WORK TO COMPLETE
Repeat exactly the lines of the entries below from the one with "The Perfect Kure" through the one with "2020 Mazda CX-5", both ends included, and nothing else.

RECORDS FOR THIS EXERCISE
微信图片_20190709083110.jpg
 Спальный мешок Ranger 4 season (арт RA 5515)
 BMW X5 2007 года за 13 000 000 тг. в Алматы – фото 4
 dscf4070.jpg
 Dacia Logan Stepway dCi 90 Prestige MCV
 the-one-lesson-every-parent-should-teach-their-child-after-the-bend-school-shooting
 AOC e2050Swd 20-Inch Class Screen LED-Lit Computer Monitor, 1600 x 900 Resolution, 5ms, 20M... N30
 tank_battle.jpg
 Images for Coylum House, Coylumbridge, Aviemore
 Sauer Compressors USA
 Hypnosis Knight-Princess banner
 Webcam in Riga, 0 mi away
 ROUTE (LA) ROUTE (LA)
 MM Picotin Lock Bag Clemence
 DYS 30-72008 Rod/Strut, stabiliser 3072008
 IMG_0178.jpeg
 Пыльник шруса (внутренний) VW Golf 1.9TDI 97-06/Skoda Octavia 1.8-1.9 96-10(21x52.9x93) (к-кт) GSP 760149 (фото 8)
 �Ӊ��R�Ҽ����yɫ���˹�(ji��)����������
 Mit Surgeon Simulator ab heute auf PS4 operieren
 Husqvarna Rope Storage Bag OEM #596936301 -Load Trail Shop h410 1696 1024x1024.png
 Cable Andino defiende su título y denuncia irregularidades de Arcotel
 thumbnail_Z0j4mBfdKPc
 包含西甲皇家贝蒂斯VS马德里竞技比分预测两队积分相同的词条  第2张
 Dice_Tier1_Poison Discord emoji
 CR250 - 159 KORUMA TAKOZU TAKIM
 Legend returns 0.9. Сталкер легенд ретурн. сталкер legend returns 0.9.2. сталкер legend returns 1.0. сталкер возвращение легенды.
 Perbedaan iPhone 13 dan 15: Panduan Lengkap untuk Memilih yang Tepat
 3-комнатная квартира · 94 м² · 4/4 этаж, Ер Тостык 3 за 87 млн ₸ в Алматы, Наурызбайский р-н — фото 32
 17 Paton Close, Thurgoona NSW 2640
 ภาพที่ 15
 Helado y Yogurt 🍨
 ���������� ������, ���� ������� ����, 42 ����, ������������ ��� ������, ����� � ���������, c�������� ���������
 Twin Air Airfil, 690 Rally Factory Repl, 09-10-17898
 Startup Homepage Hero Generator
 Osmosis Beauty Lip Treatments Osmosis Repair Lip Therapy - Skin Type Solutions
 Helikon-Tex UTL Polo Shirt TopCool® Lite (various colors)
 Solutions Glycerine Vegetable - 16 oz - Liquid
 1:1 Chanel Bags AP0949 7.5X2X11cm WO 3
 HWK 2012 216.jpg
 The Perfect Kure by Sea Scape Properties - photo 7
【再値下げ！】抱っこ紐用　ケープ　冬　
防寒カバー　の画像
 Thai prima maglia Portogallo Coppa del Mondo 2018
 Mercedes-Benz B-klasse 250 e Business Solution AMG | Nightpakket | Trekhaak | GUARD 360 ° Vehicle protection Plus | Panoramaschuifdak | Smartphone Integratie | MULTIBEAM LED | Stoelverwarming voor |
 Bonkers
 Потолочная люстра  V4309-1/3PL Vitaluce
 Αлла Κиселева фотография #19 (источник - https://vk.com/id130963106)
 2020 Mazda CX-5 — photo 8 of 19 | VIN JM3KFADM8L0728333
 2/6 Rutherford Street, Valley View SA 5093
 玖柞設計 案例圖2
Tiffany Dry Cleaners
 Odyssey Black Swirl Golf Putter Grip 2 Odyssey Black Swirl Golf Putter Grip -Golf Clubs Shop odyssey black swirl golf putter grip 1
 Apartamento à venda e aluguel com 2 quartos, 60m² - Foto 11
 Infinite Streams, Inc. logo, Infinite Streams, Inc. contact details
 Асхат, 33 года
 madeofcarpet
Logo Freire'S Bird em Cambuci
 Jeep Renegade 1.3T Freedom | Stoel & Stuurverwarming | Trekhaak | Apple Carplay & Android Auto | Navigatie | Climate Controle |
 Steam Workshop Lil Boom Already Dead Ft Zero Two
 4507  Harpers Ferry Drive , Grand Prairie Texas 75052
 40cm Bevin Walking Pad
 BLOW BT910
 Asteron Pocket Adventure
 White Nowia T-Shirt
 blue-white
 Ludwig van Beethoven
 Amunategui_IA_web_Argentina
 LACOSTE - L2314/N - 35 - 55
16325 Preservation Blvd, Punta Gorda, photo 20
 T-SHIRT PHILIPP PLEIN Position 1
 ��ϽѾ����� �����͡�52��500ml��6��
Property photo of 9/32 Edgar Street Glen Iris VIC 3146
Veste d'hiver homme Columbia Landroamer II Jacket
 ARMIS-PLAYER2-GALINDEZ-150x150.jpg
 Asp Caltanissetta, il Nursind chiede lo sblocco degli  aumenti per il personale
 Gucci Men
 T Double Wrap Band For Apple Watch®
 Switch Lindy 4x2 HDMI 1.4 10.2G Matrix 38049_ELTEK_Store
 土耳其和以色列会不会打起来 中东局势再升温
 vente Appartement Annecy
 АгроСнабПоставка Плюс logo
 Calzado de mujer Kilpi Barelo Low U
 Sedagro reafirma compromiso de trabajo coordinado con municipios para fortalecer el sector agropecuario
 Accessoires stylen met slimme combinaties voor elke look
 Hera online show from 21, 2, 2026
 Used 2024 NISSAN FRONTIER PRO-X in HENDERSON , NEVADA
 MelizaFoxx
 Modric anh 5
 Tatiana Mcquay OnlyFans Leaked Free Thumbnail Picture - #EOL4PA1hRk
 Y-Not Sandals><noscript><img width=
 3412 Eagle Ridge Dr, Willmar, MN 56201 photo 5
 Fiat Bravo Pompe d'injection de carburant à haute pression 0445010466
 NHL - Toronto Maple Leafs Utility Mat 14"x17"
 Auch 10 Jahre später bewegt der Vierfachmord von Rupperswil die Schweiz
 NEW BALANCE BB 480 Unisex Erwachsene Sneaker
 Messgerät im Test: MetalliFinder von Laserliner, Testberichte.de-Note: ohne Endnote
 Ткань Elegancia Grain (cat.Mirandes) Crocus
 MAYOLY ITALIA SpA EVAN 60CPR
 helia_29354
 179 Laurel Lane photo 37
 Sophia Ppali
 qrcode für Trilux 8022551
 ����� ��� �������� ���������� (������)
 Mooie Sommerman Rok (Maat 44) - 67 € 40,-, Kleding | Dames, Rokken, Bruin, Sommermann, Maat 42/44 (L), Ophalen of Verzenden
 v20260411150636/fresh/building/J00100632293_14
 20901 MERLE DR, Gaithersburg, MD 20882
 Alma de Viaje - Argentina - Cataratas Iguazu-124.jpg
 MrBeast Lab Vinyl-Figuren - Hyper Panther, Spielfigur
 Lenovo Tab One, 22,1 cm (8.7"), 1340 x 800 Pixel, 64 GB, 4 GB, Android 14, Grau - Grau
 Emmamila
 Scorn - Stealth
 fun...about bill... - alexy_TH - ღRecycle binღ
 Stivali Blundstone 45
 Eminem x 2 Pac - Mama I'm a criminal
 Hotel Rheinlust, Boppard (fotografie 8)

EXPECTED ANSWER
 The Perfect Kure by Sea Scape Properties - photo 7
【再値下げ！】抱っこ紐用　ケープ　冬　
防寒カバー　の画像
 Thai prima maglia Portogallo Coppa del Mondo 2018
 Mercedes-Benz B-klasse 250 e Business Solution AMG | Nightpakket | Trekhaak | GUARD 360 ° Vehicle protection Plus | Panoramaschuifdak | Smartphone Integratie | MULTIBEAM LED | Stoelverwarming voor |
 Bonkers
 Потолочная люстра  V4309-1/3PL Vitaluce
 Αлла Κиселева фотография #19 (источник - https://vk.com/id130963106)
 2020 Mazda CX-5 — photo 8 of 19 | VIN JM3KFADM8L0728333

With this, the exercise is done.